Multithreading broadcast/map calls

bmit · April 26, 2023, 5:16pm

I’m working on improving the performance of code and one simple step is making broadcast calls multithreaded.

After seeing that Threads.@threads macro doesn’t work for broadcast lines, I started converting code like

b = foo.(a)

to

b = similar(a, element_type=TypeB)
Threads.@threads for i in eachindex(a)
    b[i] = foo(a[i])
end

This is pretty verbose, but works well for simple cases and I see a nice performance improvement. I’m running into trouble when TypeB is dependent on eltype(a) in some non-trivial way. I then started writing a bunch of little helper functions such as

fooType(::Type{TypeA1}) = TypeB1
fooType(::Type{TypeA2}) = TypeB1
fooType(::Type{TypeA3}) = TypeB2

…

Then the above code becomes

b = similar(a, element_type=fooType(eltype(a)))
Threads.@threads for i in eachindex(a)
    b[i] = foo(a[i])
end

This seems like a poor solution, especially when foo() takes multiple arguments and this really begins to scale poorly.

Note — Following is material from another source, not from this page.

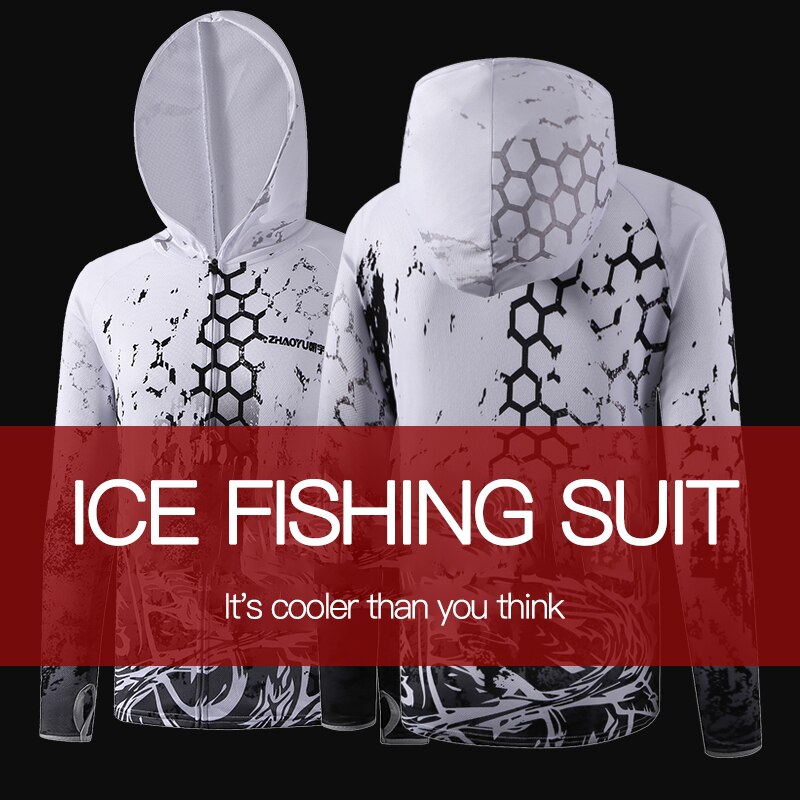 ZHAOYU-ropa de pesca transpirable para hombre, camisas de pesca impermeables, chaqueta de pesca de manga larga, ropa de pesca de secado rápido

I’m aware of base.return_types, but have been warned this isn’t the intended application. I’m also aware of external packages with multithreaded map calls such as KissThreading.jl, Folds.jl, and ThreadsX.jl.

This seems like a relatively simple and hopefully common problem. Is there a generally accepted approach within base? Or advantages of one dependency over the other in this use cases?

jling · April 26, 2023, 5:25pm

not really, just use ThreadsX.map. Although yeah, arguably since we have Distributed.pmap in stdblib, maybe we ought to have Threads.map too

Elrod · April 26, 2023, 5:55pm

There is also FastBroadcast.jl.

julia> using FastBroadcast, ThreadsX, BenchmarkTools

julia> @inline myexp(x) = @inline exp(x)
myexp (generic function with 1 method)

julia> function athreads!(f::F, y, x) where {F}
           Threads.@threads for i = eachindex(y,x)
               @inbounds y[i] = f(x[i])
           end
       end
athreads! (generic function with 1 method)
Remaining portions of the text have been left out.